→ DATA SHOWN:
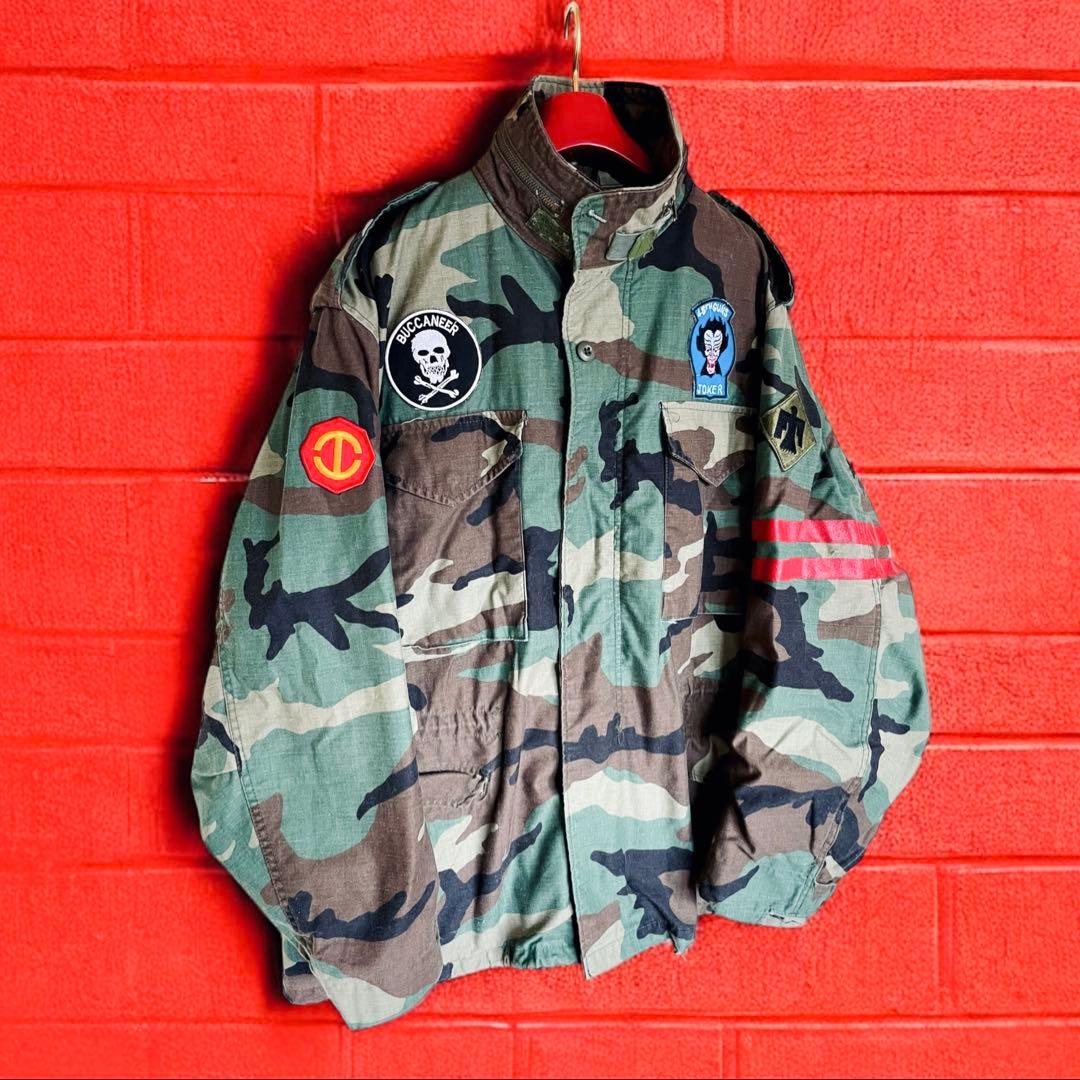 90s ALPHA INDUSTRIES M-65 改 SCOVILLジッパー - メルカリ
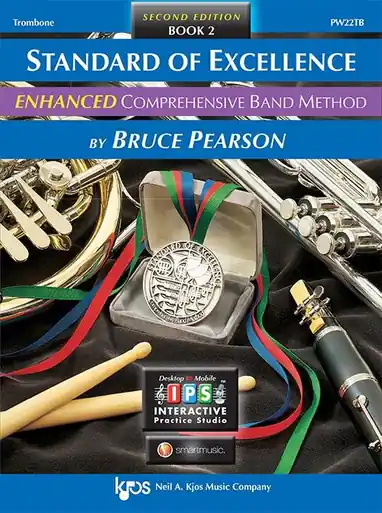 Secure Checkout Heid Music | Standard of Excellence, Enhanced, Book 2, Trombone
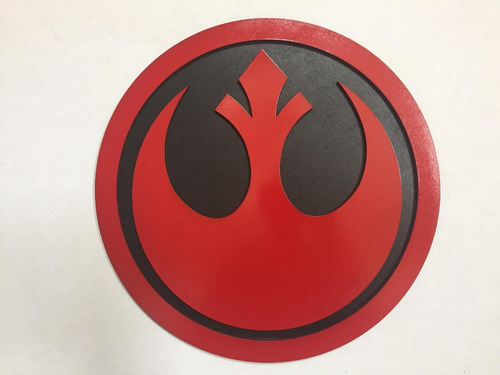 Imagen 3 de 10 de Star Wars Logos (orden Jedi, Alianza Rebelde E Imperio Galác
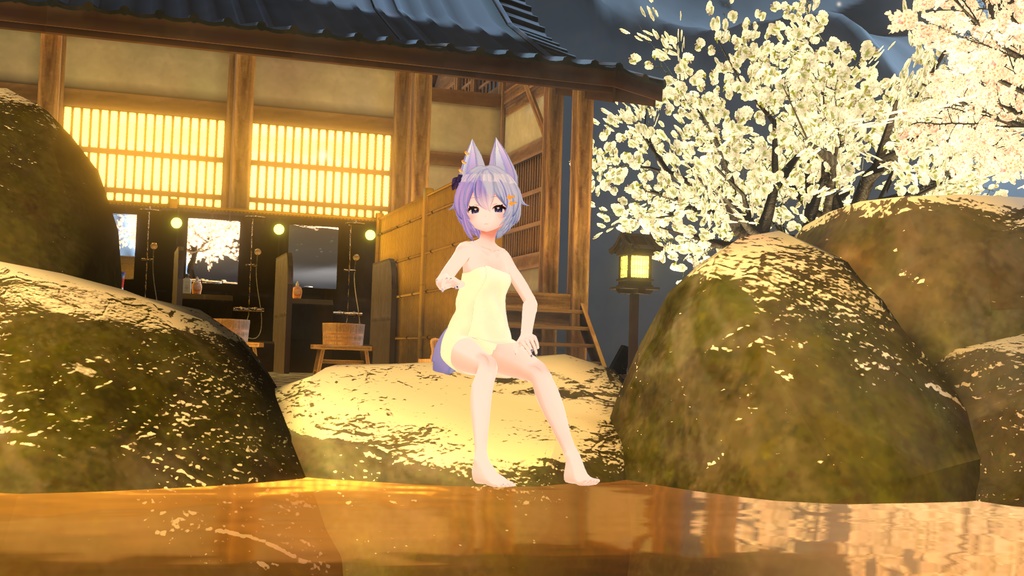 【シリウス用衣装】バスタオル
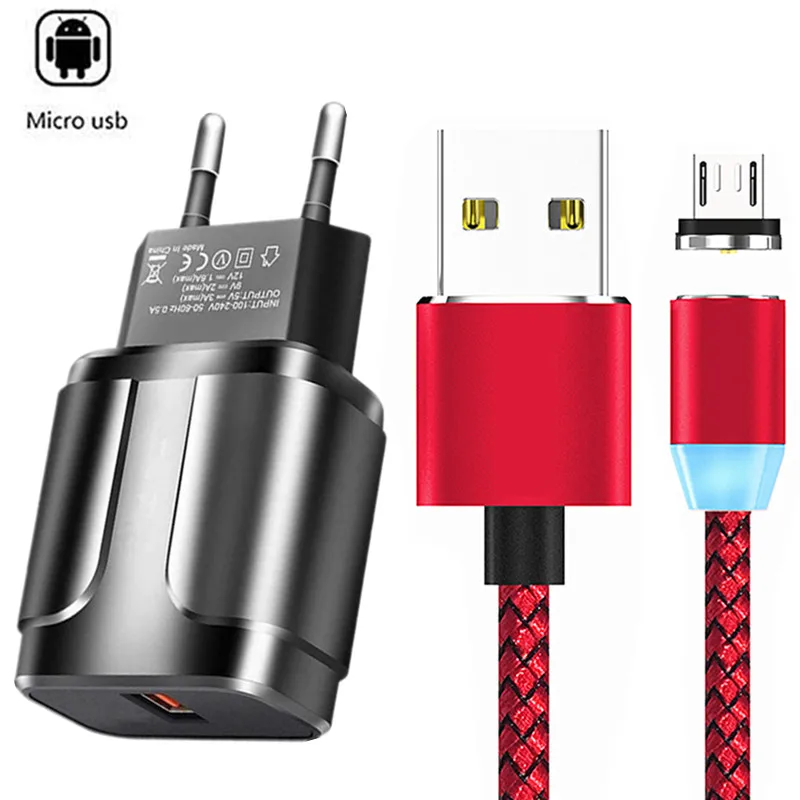 For Samsung Galaxy S3 S4 S6 S7 Edge Note2 Note4 A5 A7 J5 J7 2016 USB Magnetic cable Micro Magnet Cord QC 3.0 Fast Charger Cable
For Samsung Galaxy S3 S4 S6 S7 Edge Note2 Note4 A5 A7 J5 J7 2016 USB Magnetic cable Micro Magnet Cord QC 3.0 Fast Charger Cable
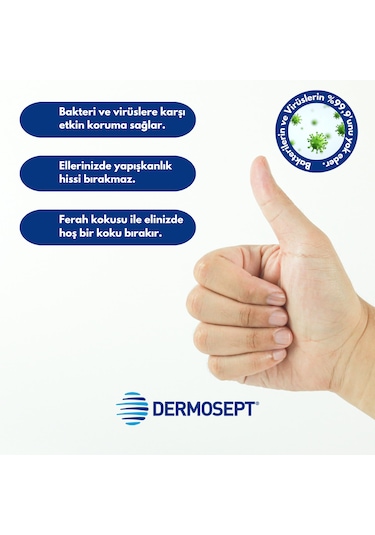 Dermosept Handplus El Dezenfektanı 5 L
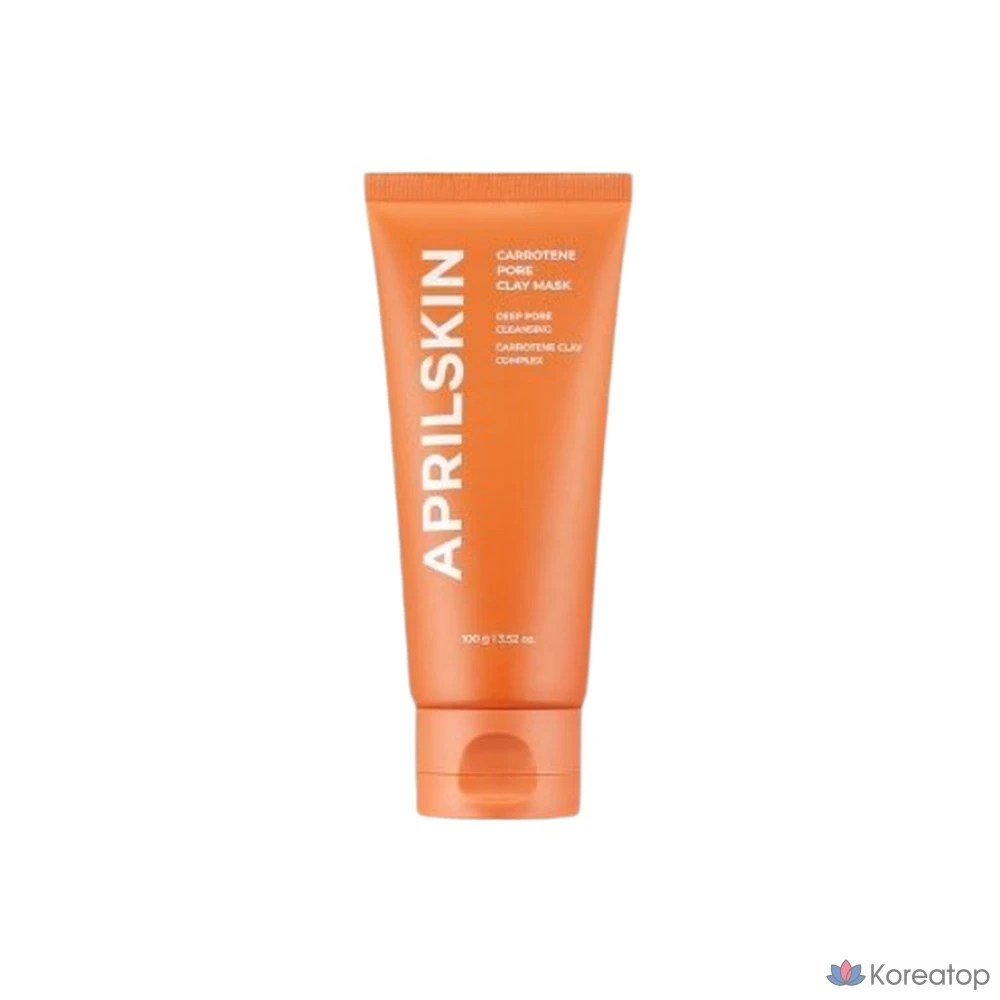 Маска для лица APRILSKIN Carotin Pore Clay Pack, 100 г, 1 шт.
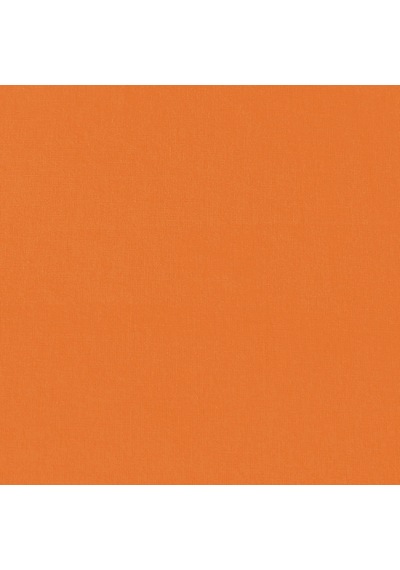 Soft Çift Kişilik Düz Kenar Çarşaf - Turuncu - 260x270 Cm Renkli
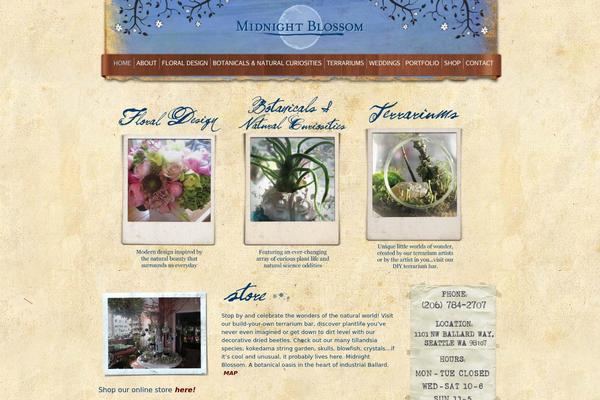 BigFeature theme site design template sample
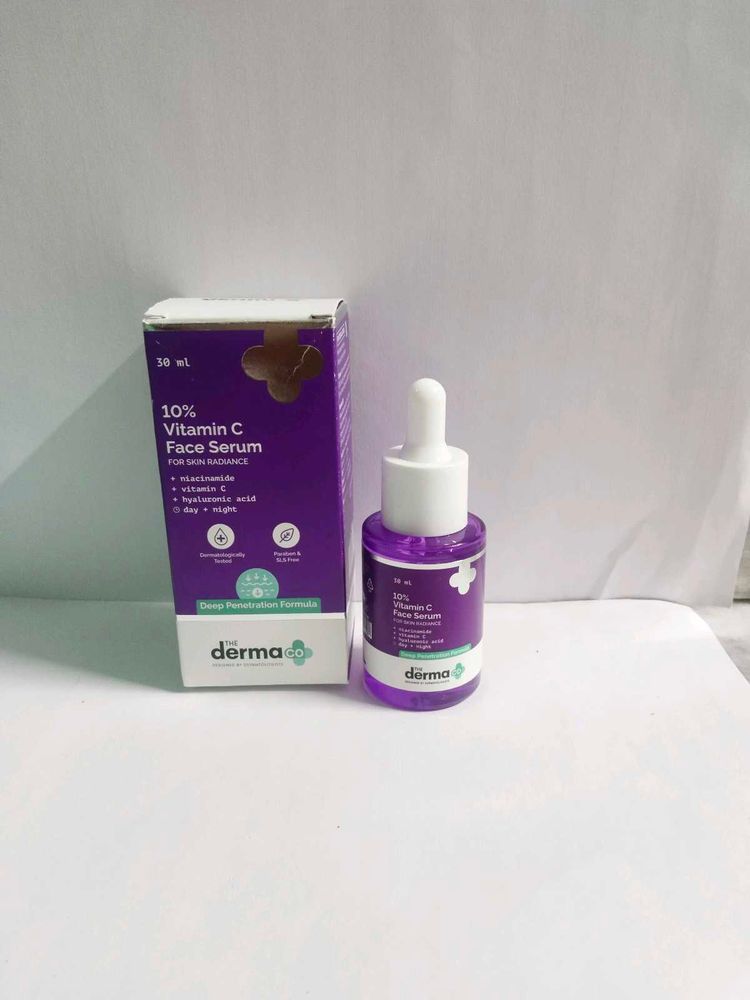 Derma Co. Vitamin C Face Serum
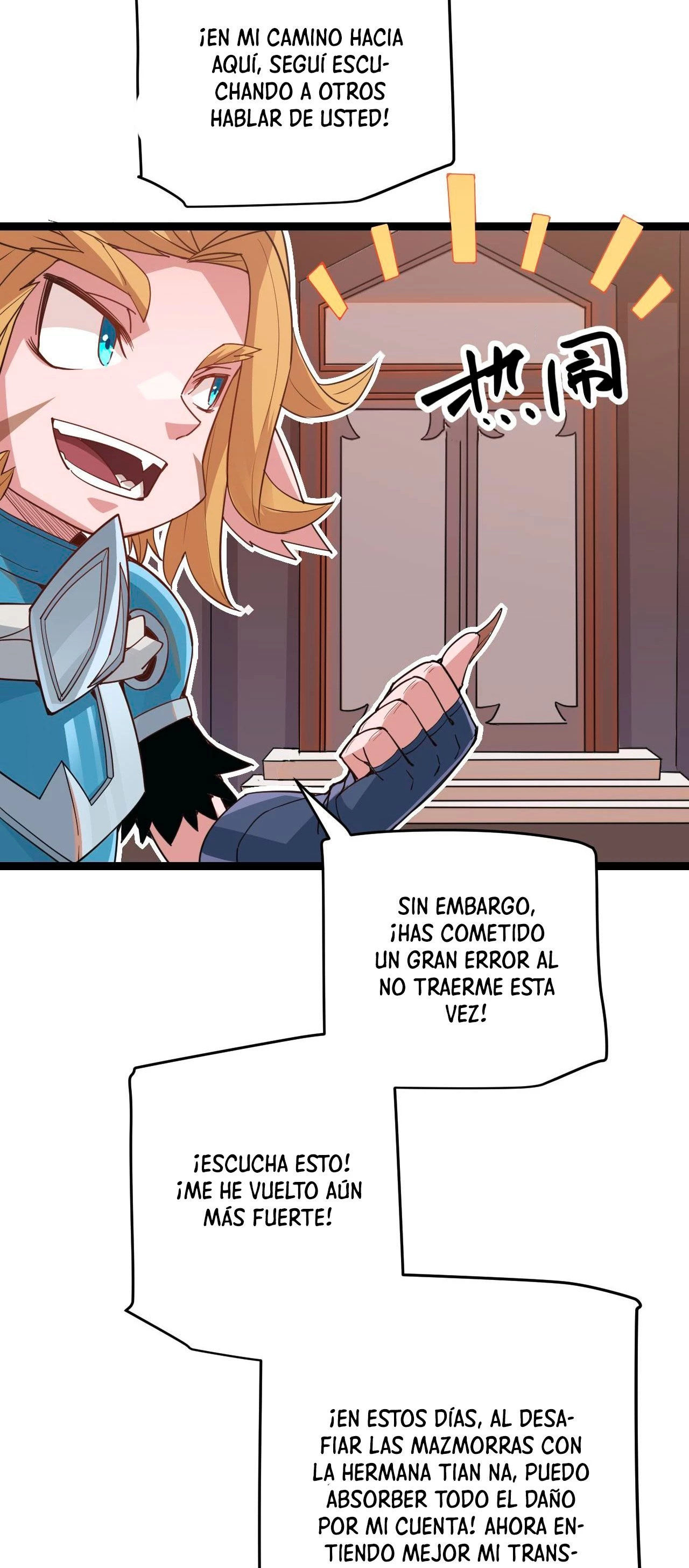 El juego del que vengo capítulo 52, página 8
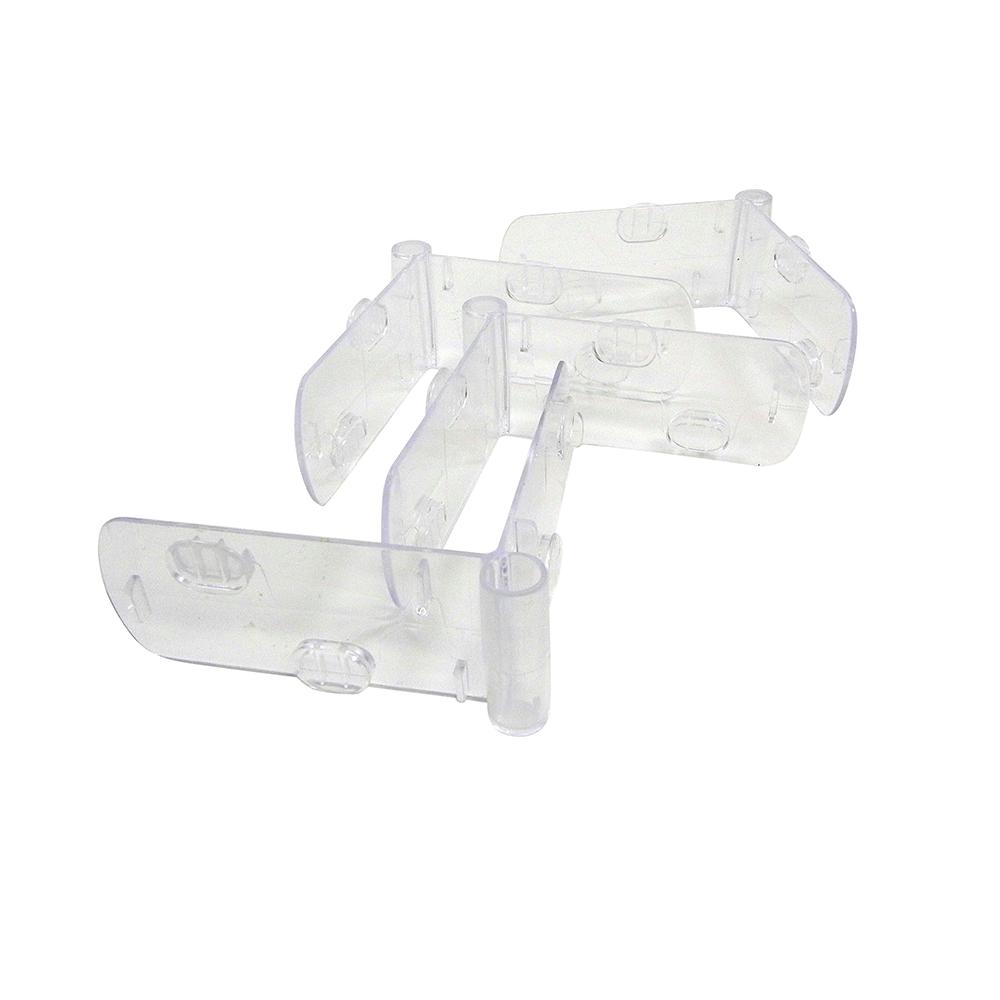 Vision L-shaped Corner Clip 4 Pk For S02, M02, M12, L02, L12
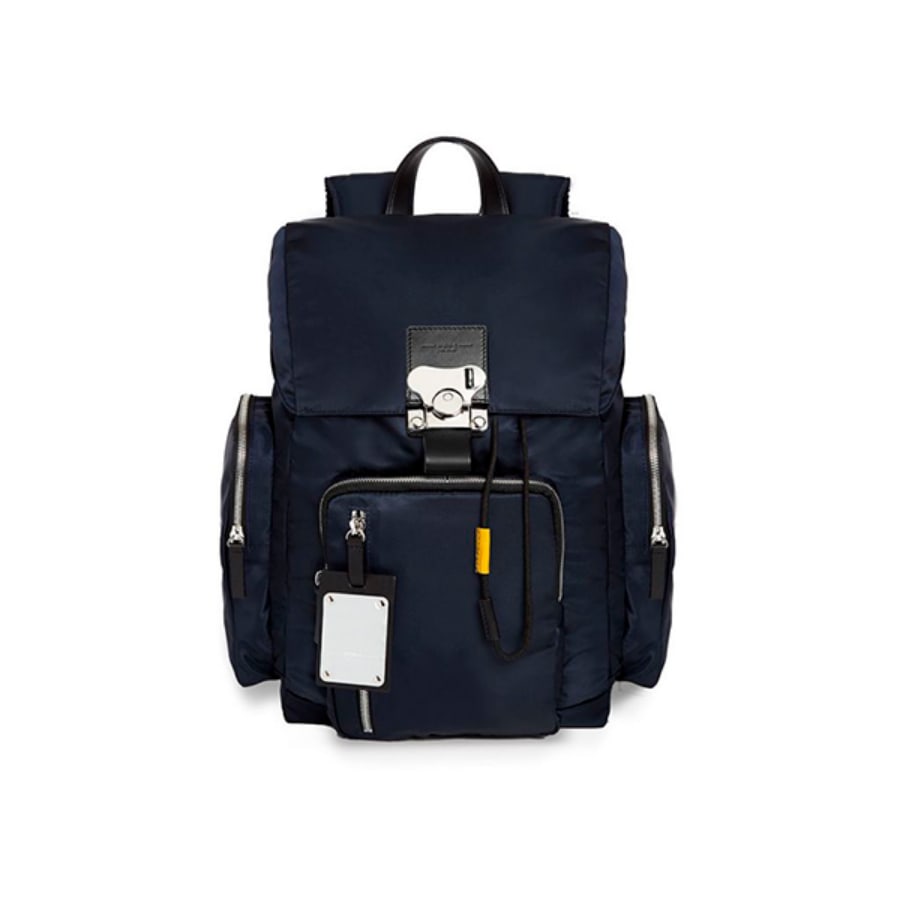 Shop Fpm Butterfly Pc Backpack M In Indigo Blue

→ EXERCISE DESCRIPTION: Although the records contain pictures, the copy should consist of their text alone, reproduced exactly.

→ YOUR SOLUTION:
 90s ALPHA INDUSTRIES M-65 改 SCOVILLジッパー - メルカリ
 Secure Checkout Heid Music | Standard of Excellence, Enhanced, Book 2, Trombone
 Imagen 3 de 10 de Star Wars Logos (orden Jedi, Alianza Rebelde E Imperio Galác
 【シリウス用衣装】バスタオル
 For Samsung Galaxy S3 S4 S6 S7 Edge Note2 Note4 A5 A7 J5 J7 2016 USB Magnetic cable Micro Magnet Cord QC 3.0 Fast Charger Cable
For Samsung Galaxy S3 S4 S6 S7 Edge Note2 Note4 A5 A7 J5 J7 2016 USB Magnetic cable Micro Magnet Cord QC 3.0 Fast Charger Cable
 Dermosept Handplus El Dezenfektanı 5 L
 Маска для лица APRILSKIN Carotin Pore Clay Pack, 100 г, 1 шт.
 Soft Çift Kişilik Düz Kenar Çarşaf - Turuncu - 260x270 Cm Renkli
 BigFeature theme site design template sample
 Derma Co. Vitamin C Face Serum
 El juego del que vengo capítulo 52, página 8
 Vision L-shaped Corner Clip 4 Pk For S02, M02, M12, L02, L12
 Shop Fpm Butterfly Pc Backpack M In Indigo Blue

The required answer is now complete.